When the files are read in he functions below, the rows have 0 values for the int64 case and "" for the string case.
For reference I am attaching two .parquet files written with codec=ZSTD. Same issue with SNAPPY or GZIP.
Thank you for your work and your help.
type FiRowType struct{ x1, x2, x3 int64 }
type FsRowType struct{ x1, x2, x3 string }
func RdFiPrqFile() {
rows, err := parquet.ReadFile[FiRowType]("fileName_ZSTD.parquet")
if err != nil {
log.Fatal(err)
}
for _, c := range rows {
fmt.Printf("%+v\n", c)
}
}
func RdFsPrqFile() {
rows, err := parquet.ReadFile[FsRowType]("fileName_ZSTD.parquet")
if err != nil {
log.Fatal(err)
}
for _, c := range rows {
fmt.Printf("%+v\n", c)
}
}
Linked Stackoverflow question. Copying my answer from there:
In Go variables that start with a lower case character not exported so cannot be updated from other packages (e.g. segmentio/parquet-go
).

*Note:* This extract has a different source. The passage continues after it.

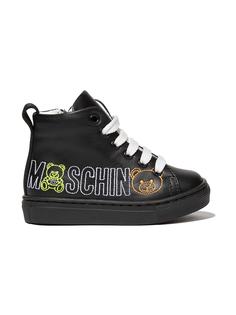 Moschino Kids высокие кеды с вышивкой Toy Bear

Try the below:
package main
import (
"fmt"
"log"
"github.com/segmentio/parquet-go"
)
type FiRowType struct {
X1 int64 `parquet:"x1,optional"`
X2 int64 `parquet:"x2,optional"`
X3 int64 `parquet:"x3,optional"`
}
func RdFiFile() {
rows, err := parquet.ReadFile[FiRowType]("fi_ZSTD.parquet")
if err != nil {
log.Fatal(err)
}
for i, c := range rows {
fmt.Printf("%d %+v\n", i, c)
}
}
func main() {
RdFiFile()
}
I replicated the issue by running Julia under Docker with the following:
# Command to run docker run -it --rm -v PATHTODATA:/usr/myapp -w /usr/myapp julia julia FILENAME.jl
using Pkg
pkg"add Parquet"
pkg"add DataFrames"
using Parquet;
using DataFrames;
function WrForGo( )
min = 1
max = 10
# arrays of size (10,3). ai is int and as is
String
ai = Array{Int64, 2}(undef, 10,3)
as = Array{String, 2}(undef, 10,3)
for i =1:max
for j=1:3
as[i,j] = string(i, pad=2) * "_" * string(j,pad=2)
ai[i,j] = (j-1)*10 + i
end
end
dfi = DataFrame(ai, :auto) ; dfs = DataFrame(as, :auto)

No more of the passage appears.